Remember to replace 0000004-180211201027900-oozie-oozi-C with your id from above.

oozie job -oozie http://localhost:11000/oozie -info 0000004-180211201027900-oozie-oozi-C
0000004-180211201027900-oozie-oozi-C@528   SKIPPED   -                                    -         2018-02-12 03:18 GMT 2018-02-12 02:55 GMT 
------------------------------------------------------------------------------------------------------------------------------------
0000004-180211201027900-oozie-oozi-C@529   SKIPPED   -                                    -         2018-02-12 03:18 GMT 2018-02-12 03:00 GMT 
------------------------------------------------------------------------------------------------------------------------------------
0000004-180211201027900-oozie-oozi-C@530   SKIPPED   -                                    -         2018-02-12 03:18 GMT 2018-02-12 03:05 GMT 
------------------------------------------------------------------------------------------------------------------------------------
0000004-180211201027900-oozie-oozi-C@531   SKIPPED   -                                    -         2018-02-12 03:18 GMT 2018-02-12 03:10 GMT 
------------------------------------------------------------------------------------------------------------------------------------
0000004-180211201027900-oozie-oozi-C@532   RUNNING   0000005-180211201027900-oozie-oozi-W -         2018-02-12 03:18 GMT 2018-02-12 03:15 GMT

You will see all of the workflows that this coordinator has scheduled. There should only be one running at a time and the one that is running should have a workflow id now (0000005-180211201027900-oozie-oozi-W in our case). This allows us to jump into the workflow and check the status of it. Let’s do that now.
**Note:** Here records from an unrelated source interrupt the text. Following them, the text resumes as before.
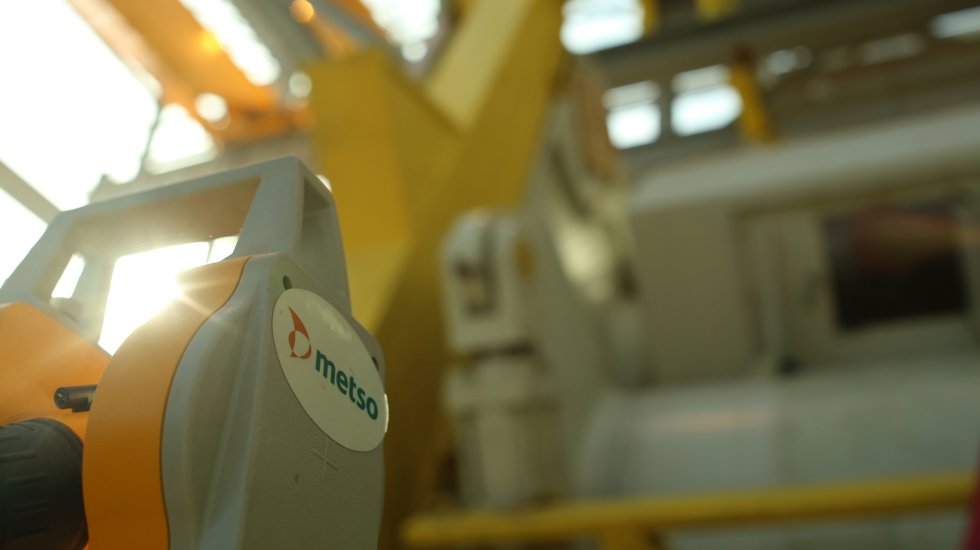 A Metso é líder na melhoria do processo de cominuição, desenvolvendo e oferecendo tecnologias ainda mais eficientes energeticamente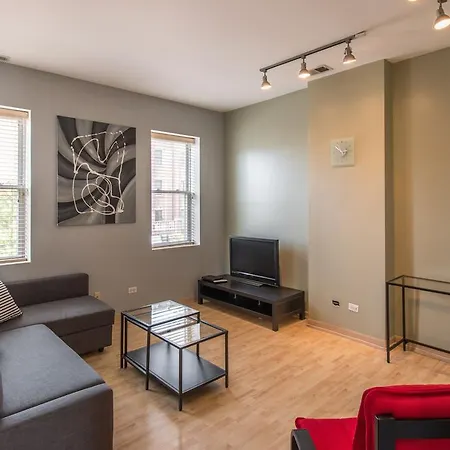 Apartment Grand Local Ave Luxury Chicago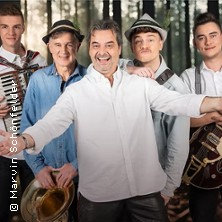 Schlagernachmittag mit der Rups Gang 02.08.2026 Schloss Freudenstein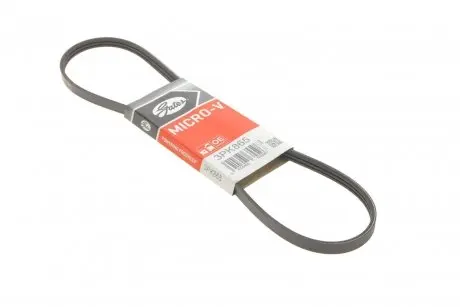 Ремінь поліклиновий Gates 3PK865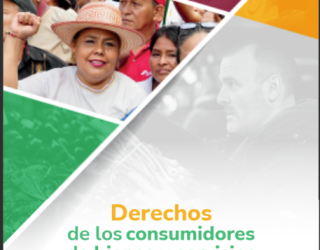 Derechos de los consumidores de bienes y servicios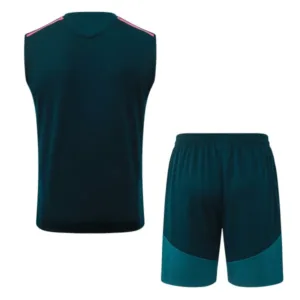 Real Madrid Conjunto 2026 2027 Verde - Real Madrid Barata | escamisetasfutbol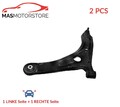 LINKS RECHTS QUERLENKER SATZ MOOG TO-WP-0807 2PCS I FÜR TOYOTA YARIS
oozie job -oozie http://localhost:11000/oozie -info 0000005-180211201027900-oozie-oozi-W
Job ID : 0000005-180211201027900-oozie-oozi-W
------------------------------------------------------------------------------------------------------------------------------------
Workflow Name : repopulateHbase
App Path      : hdfs://quickstart.cloudera/repopulateHbaseWorkflow.xml
Status        : RUNNING
Run           : 0
User          : root
Group         : -
Created       : 2018-02-12 03:18 GMT
Started       : 2018-02-12 03:18 GMT
Last Modified : 2018-02-12 03:18 GMT
Ended         : -
CoordAction ID: 0000004-180211201027900-oozie-oozi-C@532
Actions
------------------------------------------------------------------------------------------------------------------------------------
ID                                                                            Status    Ext ID                 Ext Status Err Code  
------------------------------------------------------------------------------------------------------------------------------------
0000005-180211201027900-oozie-oozi-W@dropScript                               PREP      -                      -          -         
------------------------------------------------------------------------------------------------------------------------------------
0000005-180211201027900-oozie-oozi-W@:start:                                  OK        -                      OK         -         
------------------------------------------------------------------------------------------------------------------------------------

This will show the status of the workflow. You can keep running this command until you see it finish. Once it is complete you can query HBase and see the data inside of the tables.

Kill the Coordinator

Before we go, let’s go ahead and kill the coordinator because earlier we told the coordinator that we want it to run forever. This is not necessarily good for our single node docker image cluster. So let’s kill the coordinator with the following command:

oozie job -oozie http://localhost:11000/oozie -kill 0000004-180211201027900-oozie-oozi-C

Congratulations. You have successfully scheduled two separate Hadoop jobs to run sequentially using Oozie. You have the basics to create your own workflows.